Saturday, March 17, 2018

PA-18 Special Election: What Happened?

Conor Lamb was not supposed to win the special election in Pennsylvania's 18th Congressional District.

The previous incumbent, Tim Murphy, won the seat without a Democratic challenge in 2016, just as US Senator Jeff Sessions had won re-election in 2014 without any Democratic challenger in turn.

Yet last week, another stirring, stunning, and now very disturbing upset exploded on the scene in the Keystone State.

This development should be shocking every policymaker and political wonk in the GOP.

Look at the final numbers:

This was a slim margin, even less than Doug Jones' victory over Judge Roy Moore.

Less than half of a percent, yet Conor Lamb won.

He ran as a Republican, essential, assuring that he will not vote for gun control. He advertised himself as pro-life and anti-Pelosi, too.

Trump won this district by double digits, though.

How can this be happening?!

Now, for some perspective ...

Tim Murphy ran unopposed, and yet of course he received a considerable voter tally:

Murphy won with nearly 300,000 votes, compared to the slightly more anemic special election turnout of 229,008 votes.

Republicans outspent Conor Lamb by an incredible amount. At least $5 million went into this race.

Saccone vs. Lamn

That's a lot of cash for a special election, and still the Republicans could not retain the seat.

Democrats are mobilized and motivated. They really hate the President. Add to this problem the epic number of Republican incumbents not running for re-election, and we are facing a perfect storm going into November 2018.

This is crazy, but this is happening.
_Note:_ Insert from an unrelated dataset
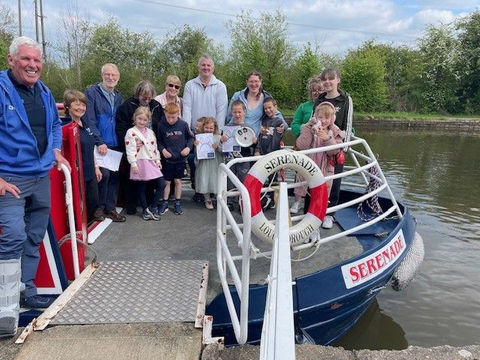 Group by canal boat Serenade
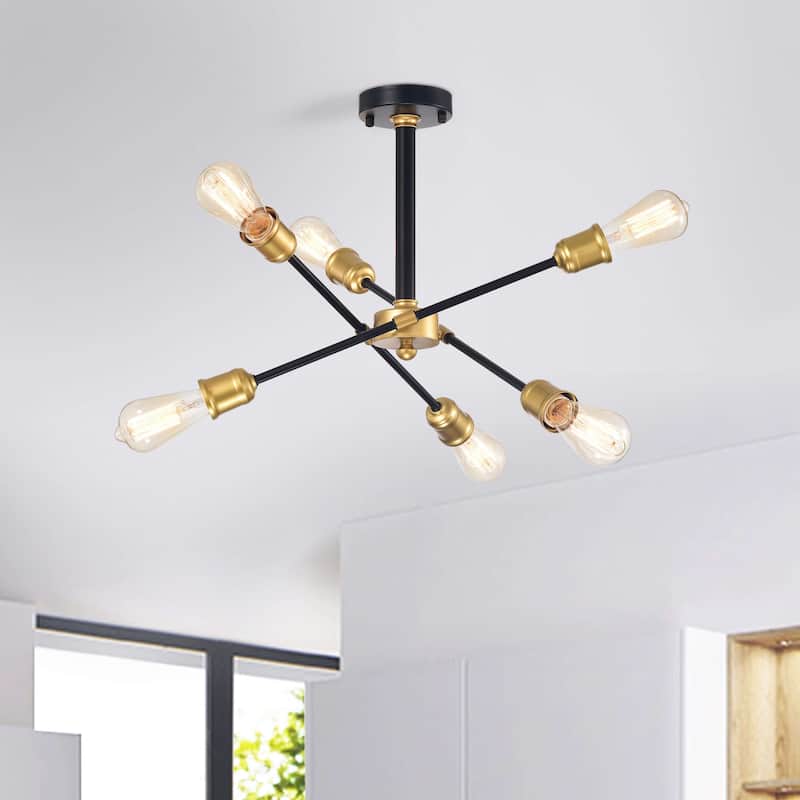 Lorena 6-light Sputnik Black and Gold Chandelier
There is no running away from the fact.

Even with the tariffs, which are supposed to help Rust Belt country, President Trump's two campaigns in the region didn't help.

What happened?

Republicans did not turn out and vote!

Sources have indicated, both by word of mouth and in print, that Rick Saccone did not wrong a strong campaign. Pat Buchanan submitted that Saccone stopped talking about the tax reform bill, since the popularity of this legislation still does not resonate with the growing public. I guess that makes sense, especially if you don't have a job.

Working class Americans are getting back to work, but perhaps the economy is jumping into robust growth fast enough. For now, though, the devastating outcome in Pennsylvania comes down to a lukewarm Republican turnout, coupled with an enraged Democratic base ready to stop President Trump at any cost.

Add to that the fact that Conor Lamb pretty much ran as a Republican and worked a whole lot harder, distancing himself from Alzheimer's Nancy. The biggest factor right is an enthusiasm chasm among Republican voters. Former Presidential candidate Rick Santorum has argued that because Republicans have not fulfilled many of the promises they campaigned on, their numbers are hurting, and the base is uninspired.

A large swath of voters are contented enough with Trump, too. Sadly, success can be quite an impediment to ongoing political victory going forward. Perhaps Trump's talk about granting amnesty to three times the number of illegals beyond DACA has startled some of his most ardent supporters too. It would be a real shame for the country to vote for divided government just because. 

They love what Trump is doing, but find too many of them not only distancing themselves from the President, but actually frustrating his agenda, which is so, so true. If Republicans don't accomplish key policy goals in the next six months, and Democrats maintain their anti-Trump momentum among the hardened, outraged grassroots, Republicans in the House can look forward to minority status post November 2018.